Ese día de enero tampoco estaba previsto que nevara en Madrid, a pesar del temporal que se avecinaba. Y aunque los servicios meteorológicos internacionales sí pronosticaban precipitaciones en forma de nieve en el centro de la península por encima de 500 metros –esta ciudad se encuentra a algo menos de 700-, ni los servicios nacionales ni los medios de información contemplaban tal posibilidad.
El caso es que la mañana amaneció helada y el cielo presentaba eso que llaman panza de burro. Y en efecto, como a media a mañana empezaron a distinguirse tímidos copos que más que caer revoloteaban. El transeúnte que venía del Retiro y bajaba desde la Puerta de Alcalá, creyó verlos haciéndose de rogar hasta posarse en el asfalto, inocuos, insignificantes.
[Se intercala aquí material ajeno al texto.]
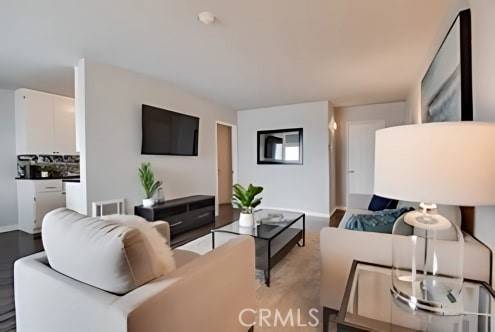 Redondo Beach, CA 90277,630 The Village #116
Según avanzaba hacia Cibeles sí que los notaba en la cara, leves puntitos en el abrigo, una cierta consistencia que empezaba a pintar de motes blancos la reconocida postal.
Como no se la esperaba, nadie había preparado nada, ni sal ni medidas de ningún tipo, tampoco se veían paraguas, la gente había salido a dar su paseo de los sábados por la mañana, unos tiraban hacia Serrano y otros por Villanueva. Pero aquello parecía que arreciaba, a la altura de la Diosa ya era una realidad constatable que nevaba en Madrid. Como el suelo estaba frío y seco, a poco que tomara fuerza no iba a tardar en cuajar.
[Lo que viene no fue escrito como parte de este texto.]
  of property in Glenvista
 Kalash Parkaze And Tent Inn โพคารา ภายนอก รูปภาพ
Y así fue según subía Alcalá. Cruzando el chaflán que bifurca para que aparezca la Gran Vía, eso era una verdadera tormenta de nieve, la ventisca azotaba los rostros y había que inclinarse hacia adelante para intentar avanzar. Apenas podía el caminante levantar la vista, y si embargo el espectáculo era tan glorioso como insólito. Nunca había visto nevado con tanta rabia, con tanta fuerza. Si se quiere, con tanta ilusión en Madrid.
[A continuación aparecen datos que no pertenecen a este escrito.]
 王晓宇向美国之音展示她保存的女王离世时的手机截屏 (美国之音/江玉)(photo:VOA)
Llegado a la Puerta del Sol, aquello era una aparición. Medio metro de nieve cubría la célebre y celebrada explanada peatonal, ribetes blancos adornaban todos los salientes de los señoriales edificios; los tejados, las marquesinas y hasta el mítico reloj parecían haberse vestido de estreno. La escena era digna de disfrutarla y guardarla en la memoria, o por qué no en la del móvil. Por mucha prisa que tuvieras, merecía la pena pararse y quedarse un rato mirando. No se recordaba haberla visto así. Se veía a la gente divertida a pesar del frío, se tiraban bolas, se lanzaban literalmente en plancha sobre el flamante elemento, era un gusto tomar un puñado y recrearse en la suave y reciene textura. Parecía todo tan nuevo…
No sin algo de pena por abandonar el espectáculo, el paseante entro en el metro. Tenía que volver a casa, pero feliz al fin y al cabo de su insólito recorrido. La sorpresa fue que los telediarios ni comentaron el tema. Ni una noticia. Ni una mención. Es más, el hombre del tiempo apareció impasible para dejar constancia de que el tiempo seguía y seguiría igual, más de lo mismo. ¿Lo habría soñado tal vez, él y toda aquella ciudadanía que estaba seguro de haber visto? O a lo mejor, pensó, es que ciertas nevadas pueden ser muy locales, y en según en qué barrios, casas y palacios, lo que ha caído hoy no ha sido más que mezquina y desapacible lluvia.
Si, la nieve es según como se mire. Y lo que no está en la agenda, simplemente no es. No estaba previsto que nevara… hoy en Madrid.